Short Term Tasks
Empowering Small Minnesota Communities’ Short-Term Tasks: Time-Limited, Discrete Projects that Strengthen the Projects’ Funding Proposals.
The Short-Term Tasks pathway is an opportunity for communities to request a time-limited, discrete task related to infrastructure. These tasks should further the community’s ability to apply for and secure needed investments.

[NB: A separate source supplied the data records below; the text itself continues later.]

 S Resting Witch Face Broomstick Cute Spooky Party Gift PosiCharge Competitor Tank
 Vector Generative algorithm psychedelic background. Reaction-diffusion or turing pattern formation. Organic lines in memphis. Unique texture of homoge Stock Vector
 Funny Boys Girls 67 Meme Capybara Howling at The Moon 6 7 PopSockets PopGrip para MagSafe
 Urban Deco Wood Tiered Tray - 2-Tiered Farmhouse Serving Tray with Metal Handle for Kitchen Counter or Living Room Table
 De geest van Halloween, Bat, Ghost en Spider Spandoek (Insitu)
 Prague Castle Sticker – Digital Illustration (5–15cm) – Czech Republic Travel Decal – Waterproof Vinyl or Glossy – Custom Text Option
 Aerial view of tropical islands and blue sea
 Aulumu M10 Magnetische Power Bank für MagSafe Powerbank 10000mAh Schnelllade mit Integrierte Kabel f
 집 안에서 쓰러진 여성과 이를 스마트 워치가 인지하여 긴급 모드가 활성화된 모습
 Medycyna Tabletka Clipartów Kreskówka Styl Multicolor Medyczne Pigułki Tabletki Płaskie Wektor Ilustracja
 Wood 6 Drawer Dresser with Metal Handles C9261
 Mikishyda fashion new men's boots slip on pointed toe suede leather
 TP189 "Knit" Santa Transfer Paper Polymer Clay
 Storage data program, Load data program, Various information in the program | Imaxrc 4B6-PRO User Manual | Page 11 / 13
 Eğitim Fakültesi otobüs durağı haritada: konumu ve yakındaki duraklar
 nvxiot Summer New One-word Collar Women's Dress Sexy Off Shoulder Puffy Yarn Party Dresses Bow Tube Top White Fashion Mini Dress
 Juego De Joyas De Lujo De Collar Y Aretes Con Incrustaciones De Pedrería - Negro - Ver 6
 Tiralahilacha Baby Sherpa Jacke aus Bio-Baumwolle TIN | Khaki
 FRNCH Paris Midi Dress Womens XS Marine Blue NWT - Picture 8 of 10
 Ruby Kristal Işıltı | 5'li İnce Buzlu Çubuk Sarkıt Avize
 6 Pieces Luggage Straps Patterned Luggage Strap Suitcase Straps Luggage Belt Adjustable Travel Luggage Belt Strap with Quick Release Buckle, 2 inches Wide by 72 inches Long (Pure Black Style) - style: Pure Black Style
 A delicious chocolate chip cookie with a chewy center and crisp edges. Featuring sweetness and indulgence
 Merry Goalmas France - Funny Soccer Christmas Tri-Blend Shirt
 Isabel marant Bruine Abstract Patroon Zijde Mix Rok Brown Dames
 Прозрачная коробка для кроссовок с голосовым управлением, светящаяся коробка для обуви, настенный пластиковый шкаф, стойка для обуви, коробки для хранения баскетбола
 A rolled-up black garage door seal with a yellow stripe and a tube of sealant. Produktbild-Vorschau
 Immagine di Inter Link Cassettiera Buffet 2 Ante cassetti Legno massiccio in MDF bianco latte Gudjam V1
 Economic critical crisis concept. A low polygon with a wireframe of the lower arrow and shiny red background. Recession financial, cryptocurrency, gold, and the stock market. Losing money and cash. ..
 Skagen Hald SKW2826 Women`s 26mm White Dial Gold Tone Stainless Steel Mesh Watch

Complete this form to express your interest in undertaking a short-term project
This pathway is nimble and anticipates a project scope of work that will take no more than 10 hours of time for a graduate student research assistant at the University of Minnesota to accomplish. Given its short duration, projects proposed for Short-Term Tasks do not go through the same vetting and selection process as longer-term project ideas (Specific Project) or deep community-engaged design thinking initiatives (Community Strategies). We see this pathway as providing needed support to communities for strategic pieces of work and products that allow them to make a stronger case for their request for infrastructure funding.
Given the discrete, short-term nature of the work, Short-Term Tasks does not help to identify project funding sources. Instead Short-Term Tasks include creating materials that support and strengthen the community’s project funding efforts.
The scope of work should define a project that can be accomplished by one graduate student working approximately 10 hours over one to four weeks.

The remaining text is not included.